[Data]
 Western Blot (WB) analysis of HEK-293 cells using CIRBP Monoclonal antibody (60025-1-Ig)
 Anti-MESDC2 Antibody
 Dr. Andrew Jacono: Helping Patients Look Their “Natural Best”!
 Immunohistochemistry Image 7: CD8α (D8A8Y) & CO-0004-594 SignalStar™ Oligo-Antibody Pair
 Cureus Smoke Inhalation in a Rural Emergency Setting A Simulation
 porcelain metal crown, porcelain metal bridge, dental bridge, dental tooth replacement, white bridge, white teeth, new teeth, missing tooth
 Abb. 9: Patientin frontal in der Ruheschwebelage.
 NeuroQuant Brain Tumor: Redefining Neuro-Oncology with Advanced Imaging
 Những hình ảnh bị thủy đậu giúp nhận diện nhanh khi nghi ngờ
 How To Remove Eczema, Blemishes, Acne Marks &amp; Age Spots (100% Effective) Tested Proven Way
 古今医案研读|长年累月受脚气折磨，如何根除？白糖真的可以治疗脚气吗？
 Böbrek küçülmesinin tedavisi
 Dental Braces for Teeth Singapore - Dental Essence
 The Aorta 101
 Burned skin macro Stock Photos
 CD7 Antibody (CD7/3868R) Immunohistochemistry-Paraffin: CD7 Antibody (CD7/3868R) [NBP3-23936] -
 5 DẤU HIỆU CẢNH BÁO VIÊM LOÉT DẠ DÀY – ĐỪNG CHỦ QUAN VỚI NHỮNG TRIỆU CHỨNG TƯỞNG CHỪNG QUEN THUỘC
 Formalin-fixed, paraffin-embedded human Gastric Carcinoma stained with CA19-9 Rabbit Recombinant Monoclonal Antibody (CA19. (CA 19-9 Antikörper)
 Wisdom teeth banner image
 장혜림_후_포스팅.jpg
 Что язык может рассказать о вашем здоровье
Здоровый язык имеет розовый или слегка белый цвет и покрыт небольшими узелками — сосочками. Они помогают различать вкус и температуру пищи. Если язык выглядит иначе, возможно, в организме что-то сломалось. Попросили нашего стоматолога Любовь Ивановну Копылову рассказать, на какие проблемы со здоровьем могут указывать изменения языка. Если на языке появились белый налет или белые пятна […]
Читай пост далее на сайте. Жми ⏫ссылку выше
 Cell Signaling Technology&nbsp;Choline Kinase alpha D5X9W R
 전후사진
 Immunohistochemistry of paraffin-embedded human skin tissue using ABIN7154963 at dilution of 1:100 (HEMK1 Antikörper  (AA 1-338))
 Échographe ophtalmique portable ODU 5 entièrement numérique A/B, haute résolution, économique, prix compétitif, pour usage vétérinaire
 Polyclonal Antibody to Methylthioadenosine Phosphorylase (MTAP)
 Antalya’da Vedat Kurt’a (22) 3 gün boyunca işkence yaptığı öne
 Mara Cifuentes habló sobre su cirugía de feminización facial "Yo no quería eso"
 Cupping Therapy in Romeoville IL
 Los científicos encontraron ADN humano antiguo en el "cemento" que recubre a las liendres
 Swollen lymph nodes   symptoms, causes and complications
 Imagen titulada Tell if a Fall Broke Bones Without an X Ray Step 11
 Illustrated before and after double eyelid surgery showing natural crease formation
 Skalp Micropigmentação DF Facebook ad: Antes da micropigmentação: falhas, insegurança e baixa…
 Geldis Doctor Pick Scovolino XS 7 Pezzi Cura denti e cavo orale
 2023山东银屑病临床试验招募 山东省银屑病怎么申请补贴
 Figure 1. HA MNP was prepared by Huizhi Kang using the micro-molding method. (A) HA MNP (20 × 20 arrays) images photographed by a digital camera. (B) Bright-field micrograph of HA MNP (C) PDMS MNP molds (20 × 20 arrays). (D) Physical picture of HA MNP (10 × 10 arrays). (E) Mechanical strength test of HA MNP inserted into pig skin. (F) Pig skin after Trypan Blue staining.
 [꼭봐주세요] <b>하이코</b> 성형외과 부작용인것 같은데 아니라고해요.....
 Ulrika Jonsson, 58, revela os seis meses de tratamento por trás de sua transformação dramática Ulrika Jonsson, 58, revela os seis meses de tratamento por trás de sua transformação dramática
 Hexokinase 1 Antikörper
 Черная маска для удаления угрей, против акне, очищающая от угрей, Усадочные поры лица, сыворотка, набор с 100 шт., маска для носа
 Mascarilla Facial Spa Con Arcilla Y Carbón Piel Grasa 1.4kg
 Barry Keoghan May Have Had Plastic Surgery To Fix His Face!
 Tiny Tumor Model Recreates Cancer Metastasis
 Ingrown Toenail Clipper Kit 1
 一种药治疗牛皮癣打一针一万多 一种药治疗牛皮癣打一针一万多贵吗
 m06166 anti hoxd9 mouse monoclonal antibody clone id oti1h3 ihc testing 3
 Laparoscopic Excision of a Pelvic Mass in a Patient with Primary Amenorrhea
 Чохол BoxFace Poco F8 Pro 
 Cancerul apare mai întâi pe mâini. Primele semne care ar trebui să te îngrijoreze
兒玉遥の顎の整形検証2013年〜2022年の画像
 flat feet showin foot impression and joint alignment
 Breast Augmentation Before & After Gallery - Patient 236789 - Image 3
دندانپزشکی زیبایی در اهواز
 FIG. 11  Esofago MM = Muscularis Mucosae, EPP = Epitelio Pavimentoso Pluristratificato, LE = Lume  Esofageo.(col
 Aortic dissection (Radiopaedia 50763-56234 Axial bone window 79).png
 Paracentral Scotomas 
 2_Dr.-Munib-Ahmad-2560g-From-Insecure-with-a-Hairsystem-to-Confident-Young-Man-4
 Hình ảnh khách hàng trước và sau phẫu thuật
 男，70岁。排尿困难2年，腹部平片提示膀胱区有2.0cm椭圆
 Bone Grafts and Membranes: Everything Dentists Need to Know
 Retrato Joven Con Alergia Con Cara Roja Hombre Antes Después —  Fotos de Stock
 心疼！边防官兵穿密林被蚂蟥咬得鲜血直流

[Exercise prompt]
Please transcribe exactly the lines above from the line that has "Dr. Andrew Jacono: Helping" up to and including the line that has "Immunohistochemistry of paraffin-embedded"; no other line belongs in the answer.

[Answer]
 Dr. Andrew Jacono: Helping Patients Look Their “Natural Best”!
 Immunohistochemistry Image 7: CD8α (D8A8Y) & CO-0004-594 SignalStar™ Oligo-Antibody Pair
 Cureus Smoke Inhalation in a Rural Emergency Setting A Simulation
 porcelain metal crown, porcelain metal bridge, dental bridge, dental tooth replacement, white bridge, white teeth, new teeth, missing tooth
 Abb. 9: Patientin frontal in der Ruheschwebelage.
 NeuroQuant Brain Tumor: Redefining Neuro-Oncology with Advanced Imaging
 Những hình ảnh bị thủy đậu giúp nhận diện nhanh khi nghi ngờ
 How To Remove Eczema, Blemishes, Acne Marks &amp; Age Spots (100% Effective) Tested Proven Way
 古今医案研读|长年累月受脚气折磨，如何根除？白糖真的可以治疗脚气吗？
 Böbrek küçülmesinin tedavisi
 Dental Braces for Teeth Singapore - Dental Essence
 The Aorta 101
 Burned skin macro Stock Photos
 CD7 Antibody (CD7/3868R) Immunohistochemistry-Paraffin: CD7 Antibody (CD7/3868R) [NBP3-23936] -
 5 DẤU HIỆU CẢNH BÁO VIÊM LOÉT DẠ DÀY – ĐỪNG CHỦ QUAN VỚI NHỮNG TRIỆU CHỨNG TƯỞNG CHỪNG QUEN THUỘC
 Formalin-fixed, paraffin-embedded human Gastric Carcinoma stained with CA19-9 Rabbit Recombinant Monoclonal Antibody (CA19. (CA 19-9 Antikörper)
 Wisdom teeth banner image
 장혜림_후_포스팅.jpg
 Что язык может рассказать о вашем здоровье
Здоровый язык имеет розовый или слегка белый цвет и покрыт небольшими узелками — сосочками. Они помогают различать вкус и температуру пищи. Если язык выглядит иначе, возможно, в организме что-то сломалось. Попросили нашего стоматолога Любовь Ивановну Копылову рассказать, на какие проблемы со здоровьем могут указывать изменения языка. Если на языке появились белый налет или белые пятна […]
Читай пост далее на сайте. Жми ⏫ссылку выше
 Cell Signaling Technology&nbsp;Choline Kinase alpha D5X9W R
 전후사진
 Immunohistochemistry of paraffin-embedded human skin tissue using ABIN7154963 at dilution of 1:100 (HEMK1 Antikörper  (AA 1-338))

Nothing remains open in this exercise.